In the case where somebody referred to an original source, reference that too, but if you did not manage to get hold of it, try to rewrite so that you will not have to reference or use "referred in"-citation. Here it is polite to acknowledge anybody who helped you with this report, although do not go overboard; it is not an Oscar speech. Your supervisor is a good start, as well as others who helped. If a landowner gave you permission to take samples then it is good practice to acknowledge them and give them a summary of your results, if permitted.
Appendices are very useful because they give you a place to dump raw data and calculations. They must still be laid out correctly; the data must be relevant and referred to in the main report. If you have a lot of relevant photographs of sample sites and methods then they belong here. It is also useful to insert a Google map plan to show from where you took samples.
Hopefully this will have given you a good oversight into writing that perfect report. It is not as daunting as it seems and if you do your research and listen to your supervisor then all should be well and you can get a good grade.
Check out our quiz-page with tests about:. Martyn Shuttleworth Mar 14, Retrieved Sep 10, from Explorable. The text in this article is licensed under the Creative Commons-License Attribution 4. You can use it freely with some kind of link , and we're also okay with people reprinting in publications like books, blogs, newsletters, course-material, papers, wikipedia and presentations with clear attribution.
Share this page on your website: This article is a part of the guide: Select from one of the other courses available: Don't miss these related articles:. Check out our quiz-page with tests about: Back to Overview "Write a Paper". Search over articles on psychology, science, and experiments. More details can be found by clicking the scientific format button below. Click here for how to write a reseach paper. Click here to gain a more detailed view of the scientific report format described below, or.
Introduction What is the issue or problem? What is the significance of the problem? How do you plan to deal with the problem? What is your solution?
Format for Term Papers Below are some links and a general outline on how to write your term papers. Depending on your topic you may want to rely on the scientific report style or literature review styles, or a combination of the two.

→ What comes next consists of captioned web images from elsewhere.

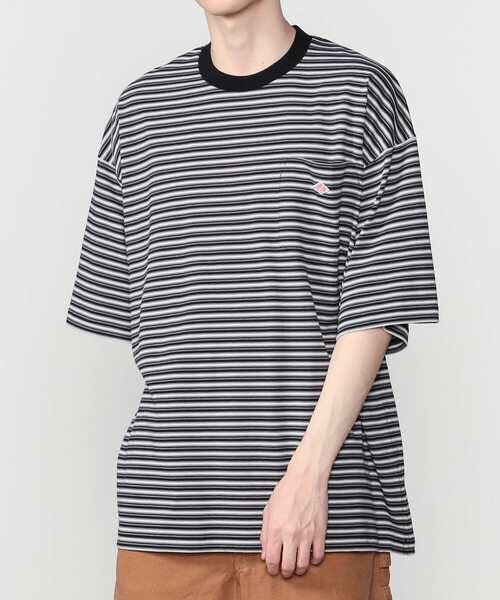 DANTON(ダントン)の「DANTON | ボーダー クルーネック 半袖ポケットTシャツ MEN(Tシャツ/カットソー・メンズ・ブルー系その他/ブラック系その他・L/M)」の1枚目の写真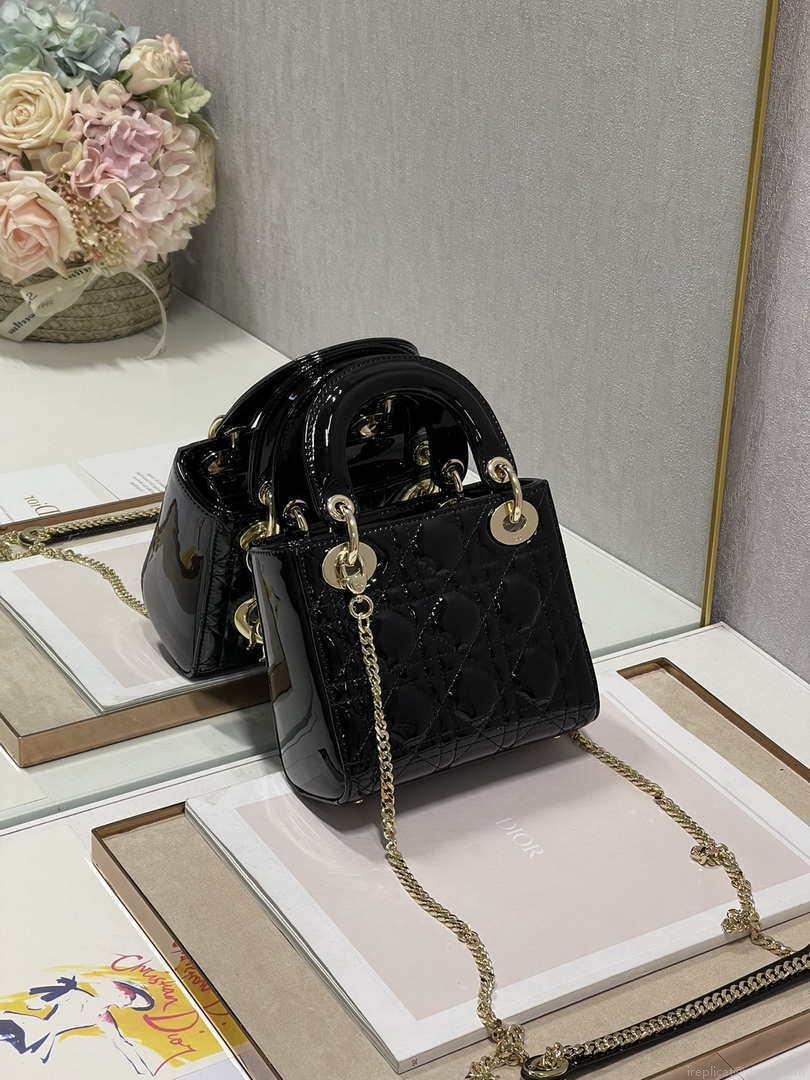 Dior M0505 Mini Lady Dior Bag Black Patent Cannage Calfskin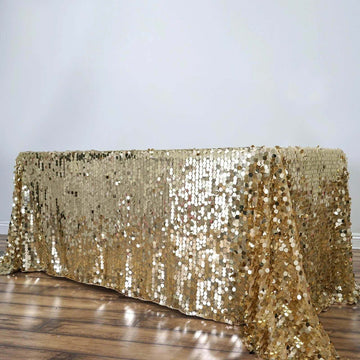 Champagne Seamless Big Payette Sequin Rectangle Tablecloth Premium 90"x132" for 6 Foot Table With Floor-Length Drop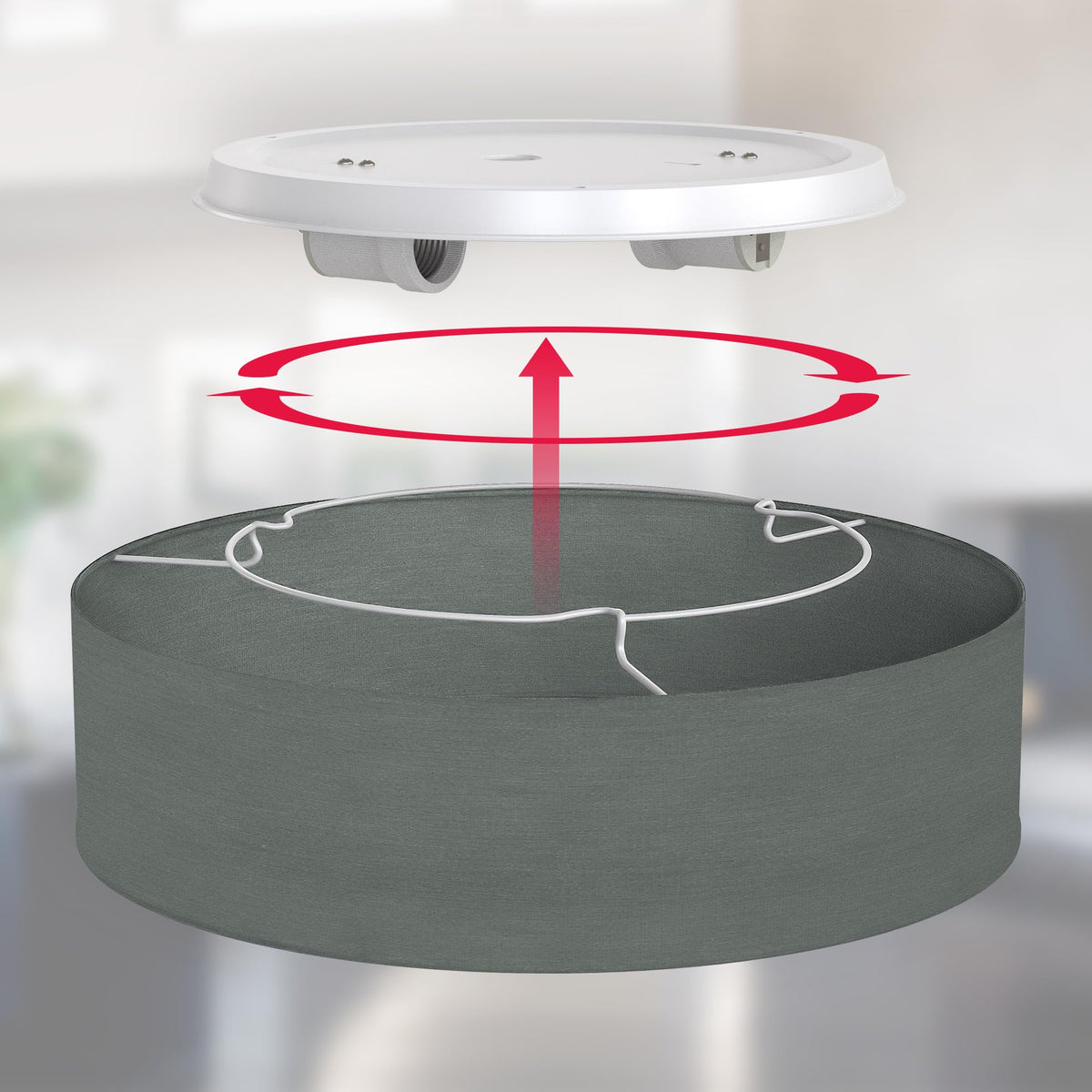 B.K.Licht - Ceiling lamp with fabric lampshade, E27 socket, max. 40 watts, ceiling light, lamp, living room lamp, bedroom lamp, kitchen lamp, ceiling lighting, 38x10 cm, gray - BKL1219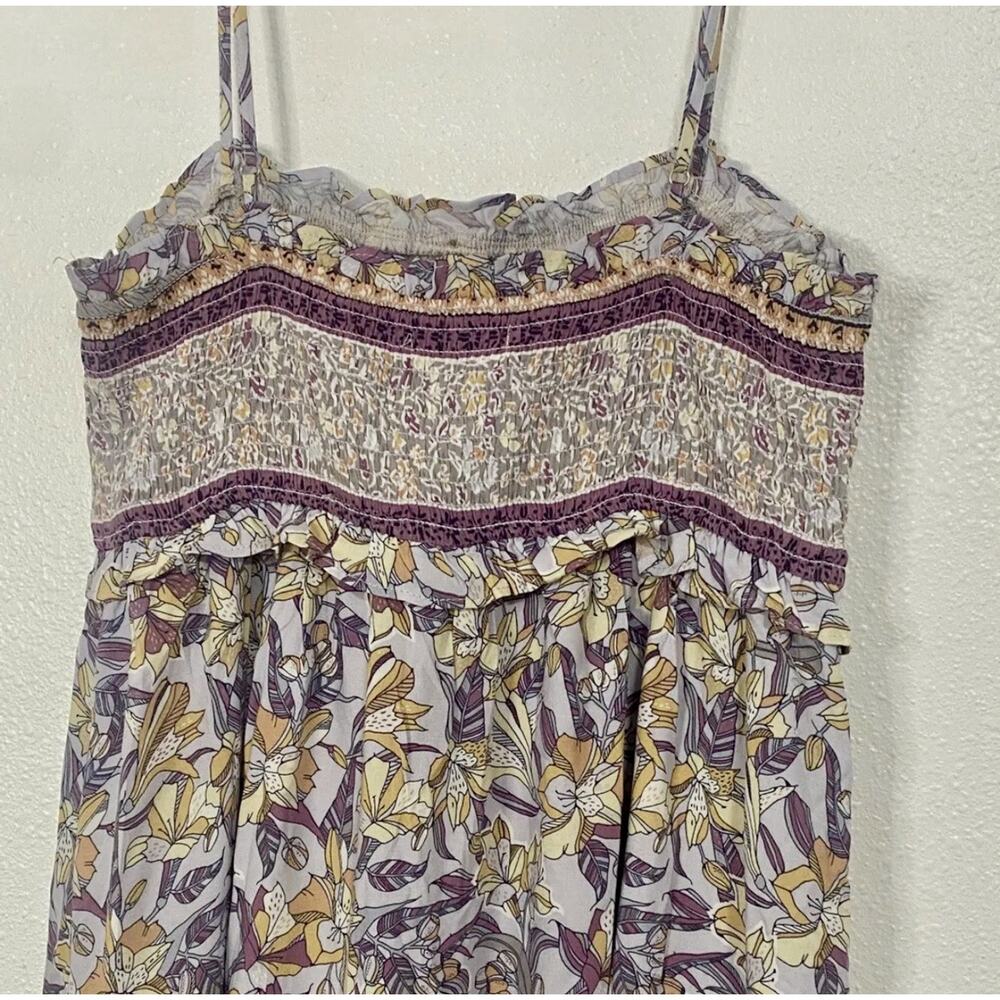 Becool Maxi Dress Womens L Purple Cream Floral Spaghetti Strap Tiered Hem Boho - Picture 10 of 16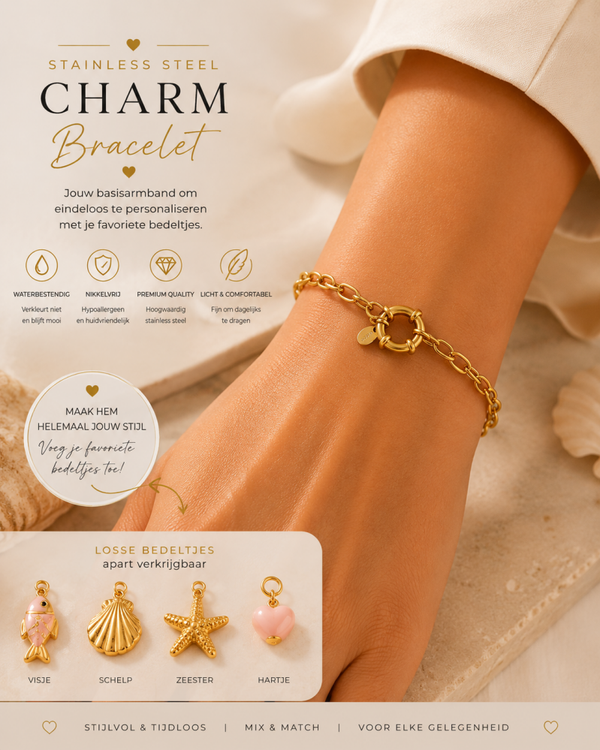 Stainless Steel Charm Armband – Goudkleurig | Zelf te Personaliseren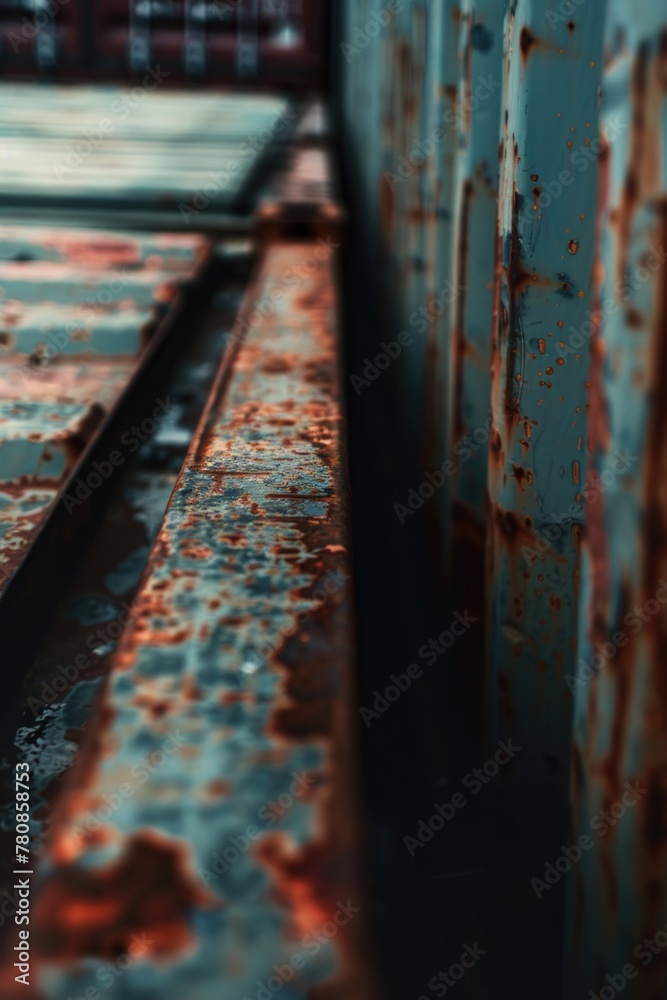 Rusty train track next to a building, suitable for industrial concepts Rusty train track next to a building, suitable for industrial concepts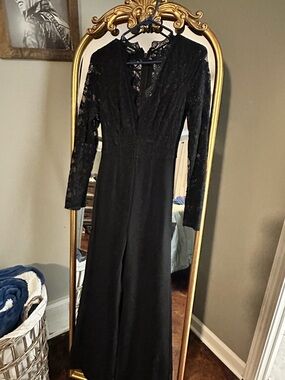 bebe Black Lace Long-Sleeve Jumpsuit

A term paper is a major assignment given to the student at the end of a course, and its success is crucially important for a student to obtain.
—2— 1 THE STATUS OF THIS DOCUMENT The most important thing about a term paper is its content: the arguments and thoughts it presents. But the form is not unimportant either. Read this essay on Layout. Come browse our large digital warehouse of free sample essays. Get the knowledge you need in order to pass your classes and more. Only at elmercuriodigital.ml".
A template is provided for writing paper reviews or term papers. Terminology relevant to writing a paper is also defined. In general, in a term paper or survey paper, you must discuss most of the important ideas on a particular topic, which means that several papers will likely need to be used as sources of information. Layout. I. Aug 26, · How to Outline a Term Paper. A term paper is usually, but not always, a research-based essay due at the end of a semester or term. In it, you are expected to demonstrate knowledge and mastery of the material covered over the previous term%(3).